House of AtreusAtreid Dynasty, Atreidae, Atreids, Atreidai, Atreides
Country Mycenaean Greece
Founder Tantalus
Final ruler Tisamenus
Titles King of Mycenae
Members Tantalus, Niobe, Pelops, Atreus (the dynasty is named after him), Aegisthus, Menelaus, Agamemnon, Aletes, Iphigenia, Electra, Orestes, Tisamenus

In Greek mythology, Atreus ( AY-tri-əs, AY-trooss;[1] Ἀτρεύς Ancient Greek pronunciation: [A.tréu̯s])[a] was a king of Mycenae in the Peloponnese, the son of Pelops and Hippodamia, and the father of Agamemnon and Menelaus. Collectively, his descendants are known as Atreidai or Atreidae.
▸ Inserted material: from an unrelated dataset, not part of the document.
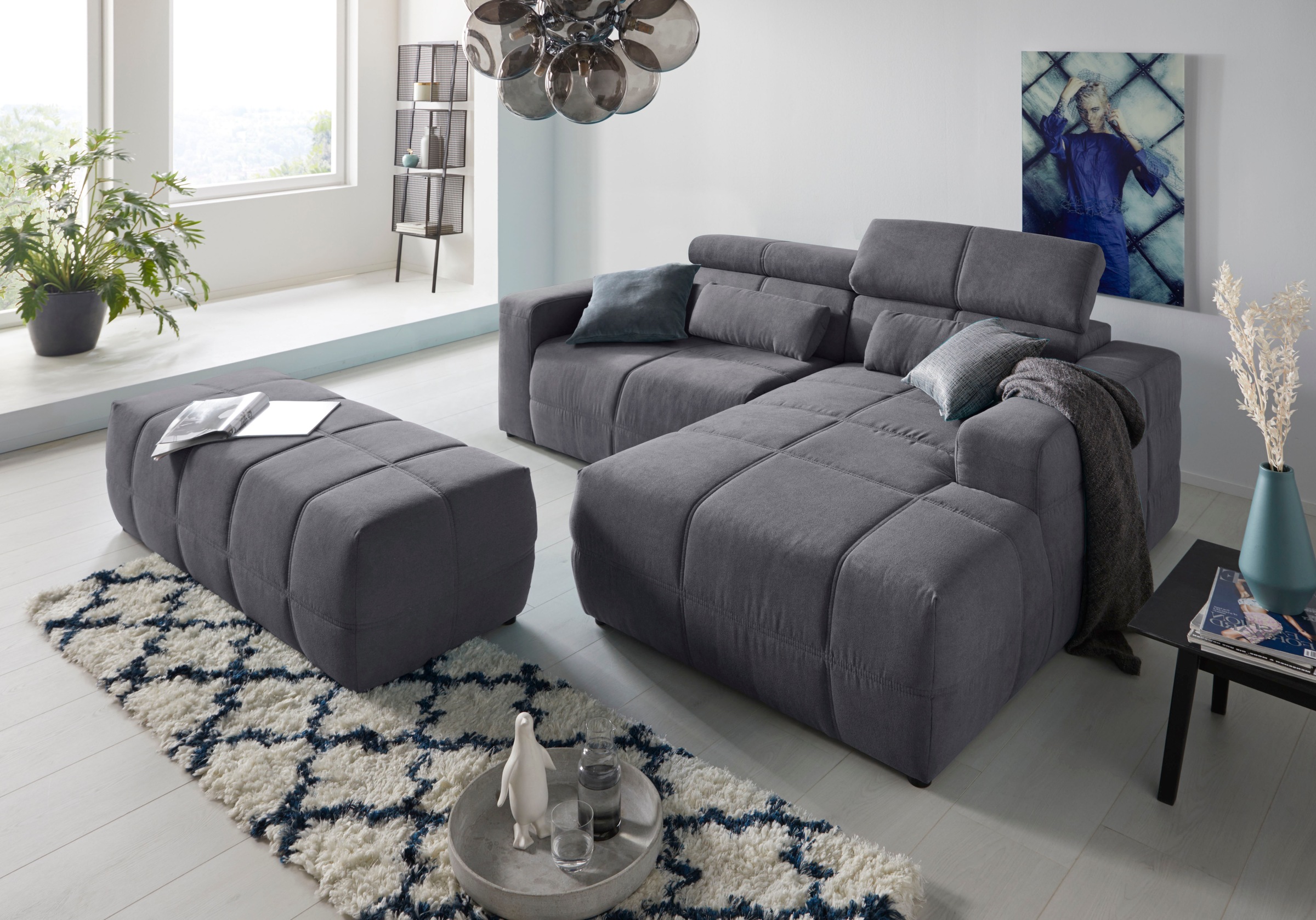 DOMO collection Ecksofa »Brandon kleine Ausführung B/T/H: 214/100/80 cm«, Mit Kopfteilverstellung, auch in Leder und Cord, L-Form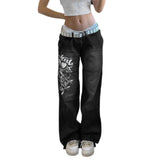 Floral Embroidery Vintage Aesthetic Baggy Jeans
Atreus and his twin brother Thyestes were exiled by their father for murdering their half-brother Chrysippus in their desire for the throne of Olympia. They took refuge in Mycenae, where they ascended to the throne in the absence of King Eurystheus, who was fighting the Heracleidae. Eurystheus had meant for their stewardship to be temporary, but it became permanent after his death in battle.

According to most ancient sources, Atreus was the father of Pleisthenes, but in some lyric poets (Ibycus, Bacchylides) Pleisthenides (son of Pleisthenes) is used as an alternative name for Atreus himself.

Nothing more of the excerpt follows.